> [Source material]
────

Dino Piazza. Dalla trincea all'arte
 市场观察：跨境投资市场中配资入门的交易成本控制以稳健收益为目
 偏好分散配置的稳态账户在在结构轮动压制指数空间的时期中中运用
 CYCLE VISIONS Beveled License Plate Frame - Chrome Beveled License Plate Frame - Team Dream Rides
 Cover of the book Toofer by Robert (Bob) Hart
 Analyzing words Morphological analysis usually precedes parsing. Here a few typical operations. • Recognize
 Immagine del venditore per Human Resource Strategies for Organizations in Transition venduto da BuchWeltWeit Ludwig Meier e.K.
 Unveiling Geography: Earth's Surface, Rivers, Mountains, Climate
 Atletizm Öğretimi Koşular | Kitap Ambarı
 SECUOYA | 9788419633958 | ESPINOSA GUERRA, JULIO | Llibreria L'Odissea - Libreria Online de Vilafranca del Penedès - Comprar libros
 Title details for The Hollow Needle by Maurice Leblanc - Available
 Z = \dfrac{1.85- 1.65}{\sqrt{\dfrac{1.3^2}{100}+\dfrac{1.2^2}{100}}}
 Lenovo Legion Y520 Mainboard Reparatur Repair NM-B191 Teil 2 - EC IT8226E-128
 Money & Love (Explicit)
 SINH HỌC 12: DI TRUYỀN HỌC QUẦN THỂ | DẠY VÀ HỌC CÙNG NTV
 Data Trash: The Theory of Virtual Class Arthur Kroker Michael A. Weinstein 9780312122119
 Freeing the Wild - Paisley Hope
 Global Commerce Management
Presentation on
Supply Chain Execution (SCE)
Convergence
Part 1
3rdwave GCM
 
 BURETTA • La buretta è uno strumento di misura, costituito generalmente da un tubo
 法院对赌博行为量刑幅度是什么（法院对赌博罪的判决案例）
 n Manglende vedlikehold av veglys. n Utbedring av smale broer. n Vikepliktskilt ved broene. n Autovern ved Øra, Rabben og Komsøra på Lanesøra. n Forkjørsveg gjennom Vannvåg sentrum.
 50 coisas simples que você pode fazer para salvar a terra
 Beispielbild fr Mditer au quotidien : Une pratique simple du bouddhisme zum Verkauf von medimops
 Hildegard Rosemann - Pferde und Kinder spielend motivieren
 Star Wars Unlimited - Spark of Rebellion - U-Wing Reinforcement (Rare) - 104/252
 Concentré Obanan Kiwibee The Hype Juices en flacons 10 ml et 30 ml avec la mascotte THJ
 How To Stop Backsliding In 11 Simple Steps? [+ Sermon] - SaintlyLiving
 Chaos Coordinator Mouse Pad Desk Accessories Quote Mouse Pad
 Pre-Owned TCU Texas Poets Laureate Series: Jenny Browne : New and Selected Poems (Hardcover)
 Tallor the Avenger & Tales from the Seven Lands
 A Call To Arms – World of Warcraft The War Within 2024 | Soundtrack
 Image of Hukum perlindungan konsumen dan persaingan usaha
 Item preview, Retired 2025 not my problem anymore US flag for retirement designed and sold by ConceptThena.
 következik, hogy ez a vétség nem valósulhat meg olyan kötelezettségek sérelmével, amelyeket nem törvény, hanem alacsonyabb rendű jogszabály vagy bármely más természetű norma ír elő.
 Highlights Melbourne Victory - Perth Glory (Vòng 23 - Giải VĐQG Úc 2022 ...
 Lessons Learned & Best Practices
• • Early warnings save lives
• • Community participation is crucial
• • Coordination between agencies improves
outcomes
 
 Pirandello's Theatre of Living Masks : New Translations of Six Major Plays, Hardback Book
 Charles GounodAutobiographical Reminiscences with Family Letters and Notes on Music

────

> [What you will do]
All records above are to be output again exactly as they stand.

> [Written response]
Dino Piazza. Dalla trincea all'arte
 市场观察：跨境投资市场中配资入门的交易成本控制以稳健收益为目
 偏好分散配置的稳态账户在在结构轮动压制指数空间的时期中中运用
 CYCLE VISIONS Beveled License Plate Frame - Chrome Beveled License Plate Frame - Team Dream Rides
 Cover of the book Toofer by Robert (Bob) Hart
 Analyzing words Morphological analysis usually precedes parsing. Here a few typical operations. • Recognize
 Immagine del venditore per Human Resource Strategies for Organizations in Transition venduto da BuchWeltWeit Ludwig Meier e.K.
 Unveiling Geography: Earth's Surface, Rivers, Mountains, Climate
 Atletizm Öğretimi Koşular | Kitap Ambarı
 SECUOYA | 9788419633958 | ESPINOSA GUERRA, JULIO | Llibreria L'Odissea - Libreria Online de Vilafranca del Penedès - Comprar libros
 Title details for The Hollow Needle by Maurice Leblanc - Available
 Z = \dfrac{1.85- 1.65}{\sqrt{\dfrac{1.3^2}{100}+\dfrac{1.2^2}{100}}}
 Lenovo Legion Y520 Mainboard Reparatur Repair NM-B191 Teil 2 - EC IT8226E-128
 Money & Love (Explicit)
 SINH HỌC 12: DI TRUYỀN HỌC QUẦN THỂ | DẠY VÀ HỌC CÙNG NTV
 Data Trash: The Theory of Virtual Class Arthur Kroker Michael A. Weinstein 9780312122119
 Freeing the Wild - Paisley Hope
 Global Commerce Management
Presentation on
Supply Chain Execution (SCE)
Convergence
Part 1
3rdwave GCM
 
 BURETTA • La buretta è uno strumento di misura, costituito generalmente da un tubo
 法院对赌博行为量刑幅度是什么（法院对赌博罪的判决案例）
 n Manglende vedlikehold av veglys. n Utbedring av smale broer. n Vikepliktskilt ved broene. n Autovern ved Øra, Rabben og Komsøra på Lanesøra. n Forkjørsveg gjennom Vannvåg sentrum.
 50 coisas simples que você pode fazer para salvar a terra
 Beispielbild fr Mditer au quotidien : Une pratique simple du bouddhisme zum Verkauf von medimops
 Hildegard Rosemann - Pferde und Kinder spielend motivieren
 Star Wars Unlimited - Spark of Rebellion - U-Wing Reinforcement (Rare) - 104/252
 Concentré Obanan Kiwibee The Hype Juices en flacons 10 ml et 30 ml avec la mascotte THJ
 How To Stop Backsliding In 11 Simple Steps? [+ Sermon] - SaintlyLiving
 Chaos Coordinator Mouse Pad Desk Accessories Quote Mouse Pad
 Pre-Owned TCU Texas Poets Laureate Series: Jenny Browne : New and Selected Poems (Hardcover)
 Tallor the Avenger & Tales from the Seven Lands
 A Call To Arms – World of Warcraft The War Within 2024 | Soundtrack
 Image of Hukum perlindungan konsumen dan persaingan usaha
 Item preview, Retired 2025 not my problem anymore US flag for retirement designed and sold by ConceptThena.
 következik, hogy ez a vétség nem valósulhat meg olyan kötelezettségek sérelmével, amelyeket nem törvény, hanem alacsonyabb rendű jogszabály vagy bármely más természetű norma ír elő.
 Highlights Melbourne Victory - Perth Glory (Vòng 23 - Giải VĐQG Úc 2022 ...
 Lessons Learned & Best Practices
• • Early warnings save lives
• • Community participation is crucial
• • Coordination between agencies improves
outcomes
 
 Pirandello's Theatre of Living Masks : New Translations of Six Major Plays, Hardback Book
 Charles GounodAutobiographical Reminiscences with Family Letters and Notes on Music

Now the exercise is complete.